ACTION ITEM
For the entries below, work out how many lines contain the string "Cell" and write only the number.

EXCERPTED DATA
#####

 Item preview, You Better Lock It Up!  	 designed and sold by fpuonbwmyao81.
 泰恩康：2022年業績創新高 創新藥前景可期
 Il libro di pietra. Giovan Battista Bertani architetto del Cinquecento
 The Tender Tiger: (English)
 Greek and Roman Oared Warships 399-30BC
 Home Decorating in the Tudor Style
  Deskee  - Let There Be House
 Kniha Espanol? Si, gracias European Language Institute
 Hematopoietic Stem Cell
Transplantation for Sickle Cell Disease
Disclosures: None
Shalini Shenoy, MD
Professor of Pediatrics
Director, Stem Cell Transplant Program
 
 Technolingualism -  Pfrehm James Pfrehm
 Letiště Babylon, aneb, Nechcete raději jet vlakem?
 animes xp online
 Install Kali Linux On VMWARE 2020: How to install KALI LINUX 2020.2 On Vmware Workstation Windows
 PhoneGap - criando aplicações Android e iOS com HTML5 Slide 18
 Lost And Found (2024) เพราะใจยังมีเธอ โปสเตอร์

#####

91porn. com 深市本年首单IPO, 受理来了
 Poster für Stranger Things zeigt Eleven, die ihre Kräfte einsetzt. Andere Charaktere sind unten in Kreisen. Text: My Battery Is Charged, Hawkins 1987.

#####

ANSWER AREA
3